3 Decades of Polaroids Show Vanishing DC Architecture

Polaroids taken by a D.C. man over almost three decades show the vanishing architecture of the city.

Chris Earnshaw took thousands of pictures and kept them. Now they are the centerpiece of a new museum exhibit.

As a young man in the 1960s, sometimes without a place of his own to live, Earnshaw feared his hometown was losing too much of its character in the name of progress.

“They were about to build the FBI building, and all these Victorian buildings were going to come tumbling down, so I had a sense that someone needed to capture it,” he said. “So I did that.”

A few years ago, Earnshaw met Joseph Mills, another photographer who chronicled D.C. over the same time period.
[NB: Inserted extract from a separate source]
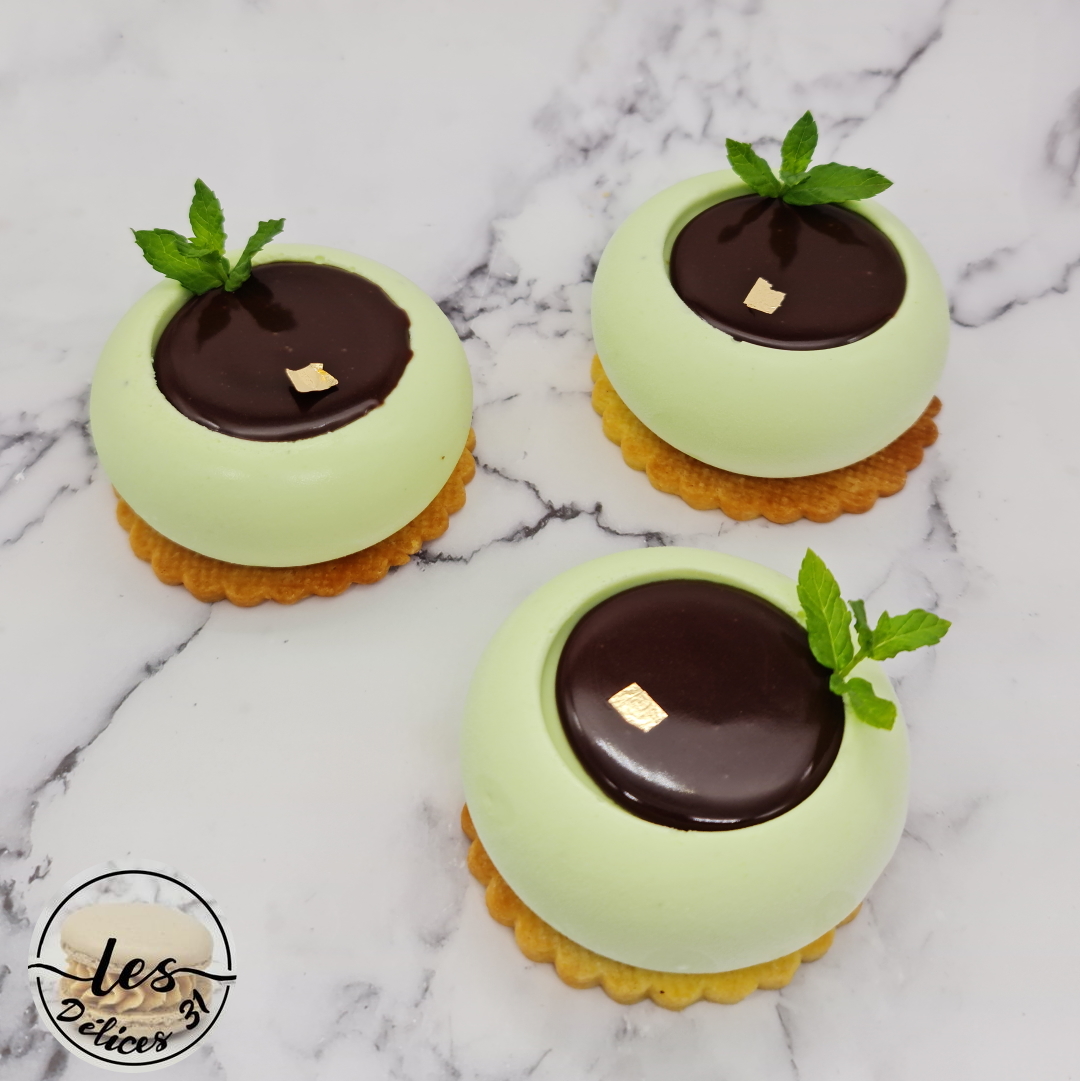 Entremet menthe et chocolat - Les délices 31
Mills saw something special in Earnshaw’s photos.

“Initially we really didn’t see the brilliance, the savant nature of Chris,” Mills said. “One of the finest photographers I’ve ever met.”

Mills told Earnshaw he could use modern technology to bring his Polaroids to a mainstream audience.
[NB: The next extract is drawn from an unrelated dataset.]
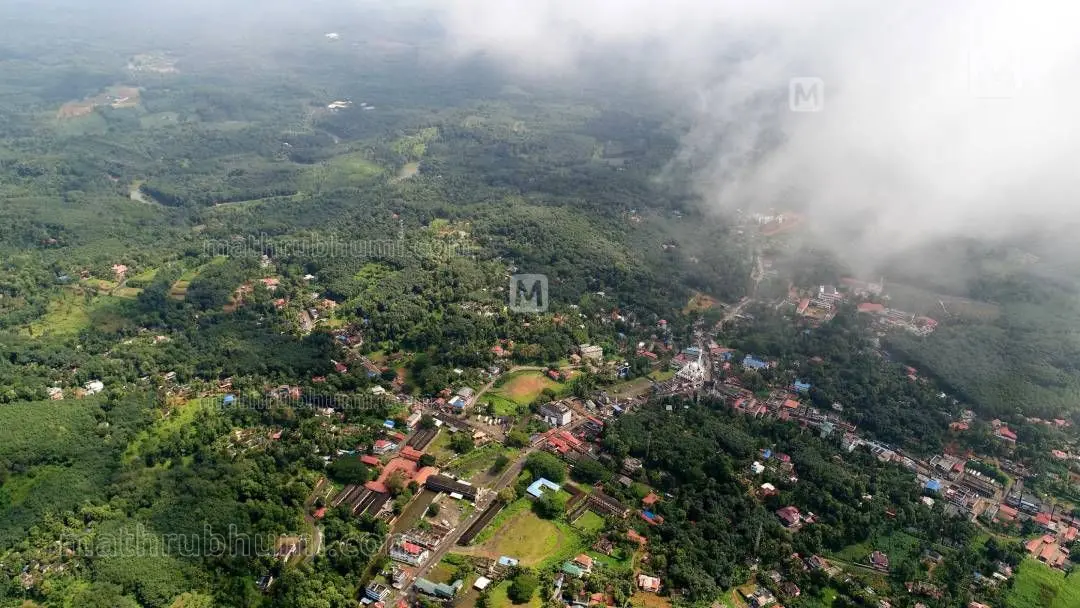 Aerial view of the proposed Sabarimala airport site | Mathrubhumi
“Well, that’s when he dropped 3,000 Polaroids in my lap,” Mills said.

Now, the two men, unique characters with strong personalities who get along like brothers, have their photos as part of the Historical Society of Washington’s District 2 exhibit at the National Building Museum.

Earnshaw gives walking tours of downtown, and he and Mills are working on restoring more of Earnshaw’s Polaroids.

“Trying to show the new people what was here, what they missed,” Earnshaw said.